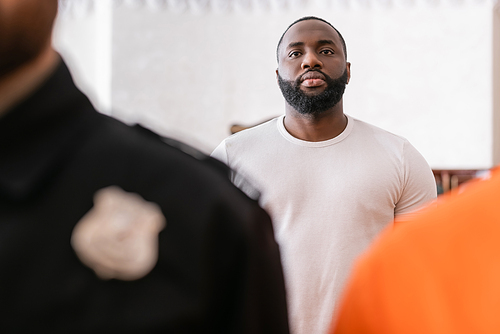 african american juryman standing near accused man and bailiff on blurred foreground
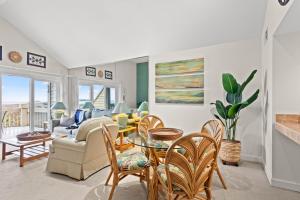 a living room with a couch and a table and chairs at 1340 Pelican Watch Villa in Seabrook Island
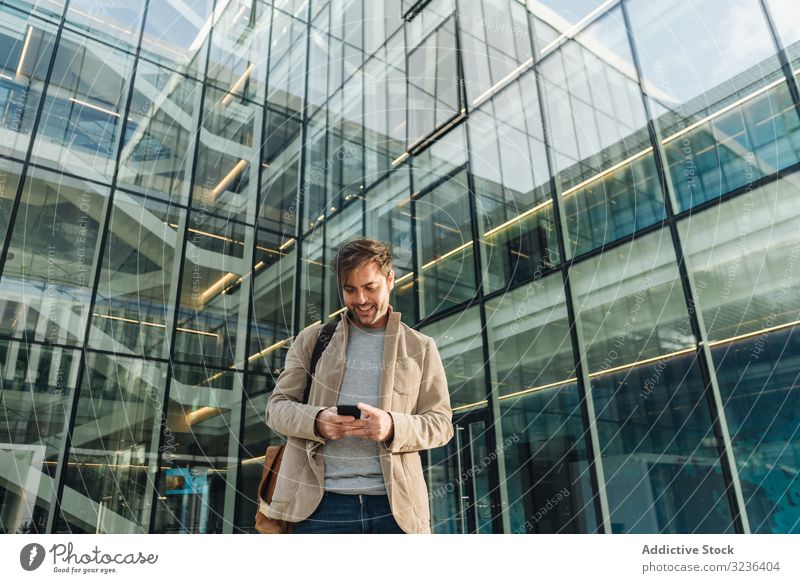Lächelnder Unternehmer nutzt Smartphone vor Bürogebäude Geschäftsmann Straße Großstadt benutzend positiv modern Erwachsener Business Zentrum Hand-in-Tasche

### Task to carry out
Would it be possible to give the material above again exactly, with the pictures left out?

### The completed task
 african american juryman standing near accused man and bailiff on blurred foreground
 a living room with a couch and a table and chairs at 1340 Pelican Watch Villa in Seabrook Island
Lächelnder Unternehmer nutzt Smartphone vor Bürogebäude Geschäftsmann Straße Großstadt benutzend positiv modern Erwachsener Business Zentrum Hand-in-Tasche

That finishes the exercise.